Khu Khao is highly acclaimed for its Northern cuisine and for ONE NIGHT only, on the 29th of October, you can indulge in some of the best dishes Chef Somyot conjures up. Inspired by the rice planting and harvesting process, each conceived dish has had a serving dish designed by In Clay Studio Pottery to complement it along with a super creative cocktail also infused with Lanna flavours and elements.
Here are the four courses of food and drinks to tempt you!
Au Goong and Lemongrass Cocktail
Traditionally, at the start of the rainy season, as rice saplings are being planted, farmers will draw water into the paddy fields. This is hard and tiring work requiring long hours each day. Therefore farmers will bring prepared and filling meals to the paddy fields to fuel their energy for the day’s work. Au is a common dish brought on such occasions. This dish is infused with rich spices and served with a refreshing lemongrass cocktail.

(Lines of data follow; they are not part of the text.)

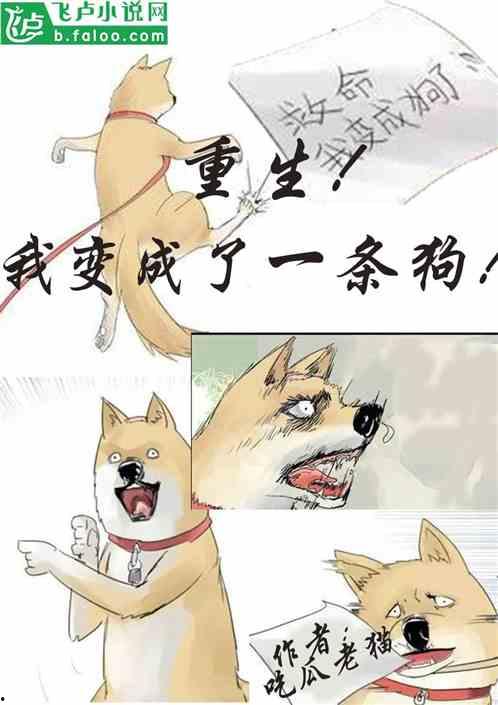 娱乐圈吃瓜小狗小说,吃瓜小狗的甜蜜复仇之旅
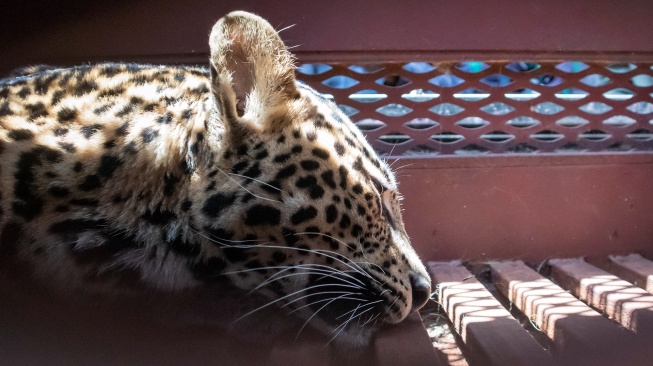 Seekor macan tutul (Panthera pardus) berada di dalam kandang usai dievakuasi di Anugerah Hotel, Bandung, Jawa Barat, Senin (6/10/2025). [ANTARA FOTO/Abdan Syakura/tom]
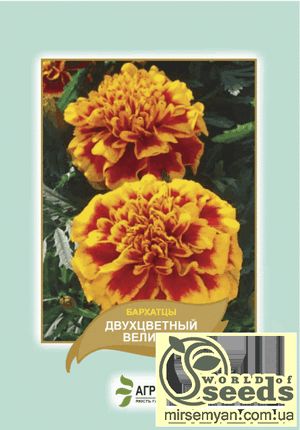 Насіння чорнобривців відхилене „Двоколірний Велетень” 5 г А Насіння чорнобривців відхилене „Двоколірний Велетень” 5 г А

Grilled river prawns with fresh meat scooped out and cooked with Lanna spices and served Lanna style has the nose twitching with scents of lemongrass, turmeric and fresh spicy herbs. Fresh salad is served to cool the palate.
This dish is served with a Chalong Bay rum cocktail with Chiang Mai’s Ma Jai Dum spirit mixed with homemade lemongrass spirit, fresh lemongrass, cucumber, sweet basil, fresh lime and tonic. A refreshing compliment to the spicy flavours of the dish inspired by ingredients that are available at the beginning of the planting season and during the field preparation period.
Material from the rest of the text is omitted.